Best Practices¶
Guidelines for building reliable, high-performance applications with FoundationDB.
Transaction Design¶
Keep Transactions Short¶
Transactions should complete quickly—ideally under 5 seconds. Long transactions are more likely to conflict and be retried.
# ✅ Good: Small, focused transaction
@fdb.transactional
def update_user_email(tr, user_id, new_email):
tr[user_key(user_id, 'email')] = new_email
# ❌ Bad: Doing too much in one transaction
@fdb.transactional
def process_all_users(tr):
for user_id in get_all_user_ids(tr): # Could be millions!
process_user(tr, user_id)
Use the @transactional Decorator¶
Always use the transaction decorator (or equivalent) to handle automatic retries:
Avoid Read-Your-Writes When Possible¶
Reading keys you've written in the same transaction works, but it can increase conflict rates:
# ✅ Better: Compute locally if you can
@fdb.transactional
def increment(tr, key, amount):
old = int(tr[key] or b'0')
new = old + amount
tr[key] = str(new).encode()
return new # Return computed value, don't re-read
# 🆗 Works, but may increase conflicts
@fdb.transactional
def increment_and_verify(tr, key, amount):
old = int(tr[key] or b'0')
tr[key] = str(old + amount).encode()
return int(tr[key]) # Re-reading what we wrote
Key Design¶
Use the Tuple Layer¶
Always encode composite keys with the tuple layer—never construct keys manually:
# ✅ Good: Uses tuple layer
from fdb import Subspace
users = Subspace(('users',))
key = users.pack((user_id, 'profile', 'email'))

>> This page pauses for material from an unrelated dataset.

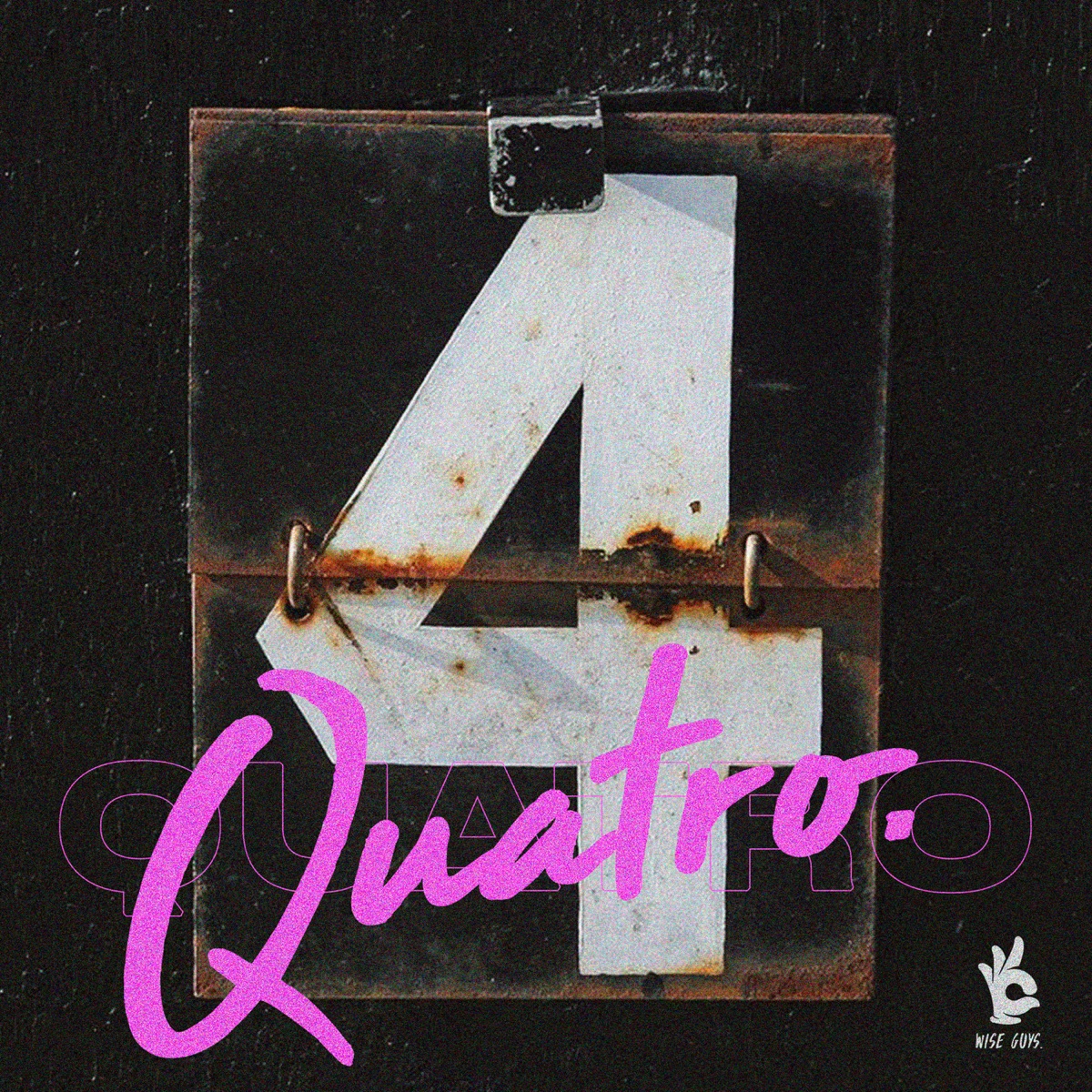 Quatro - Single by Kid Fresco album cover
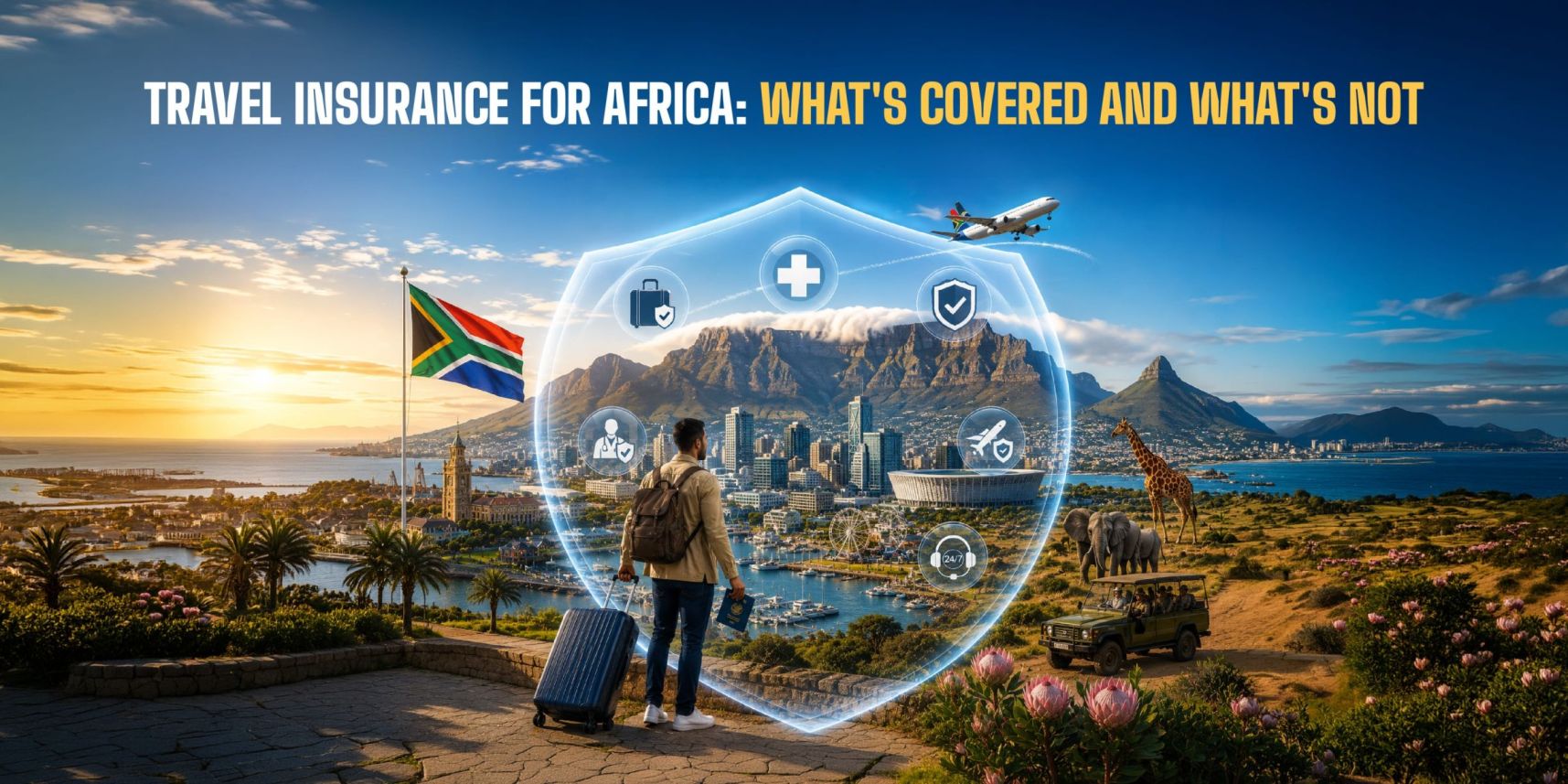 Travel Insurance for Africa: Complete Coverage Guide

# ❌ Bad: Manual key construction
key = f"users/{user_id}/profile/email".encode() # Not order-preserving!
Keep Keys Short¶
Short keys improve performance. Target under 32 bytes when practical, never exceed 10KB.
| Approach | Key Size |
|---|---|
('u', user_id) | ~10-20 bytes ✅ |
('users', user_id) | ~15-25 bytes ✅ |
('application', 'users', 'data', user_id) | ~40+ bytes ⚠️ |
Design for Range Reads¶
Structure keys so related data is adjacent. Put the most commonly filtered attribute first:
# Query pattern: "all orders for a customer"
# ✅ Customer first enables efficient range read
orders = Subspace(('orders',))
key = orders.pack((customer_id, order_id))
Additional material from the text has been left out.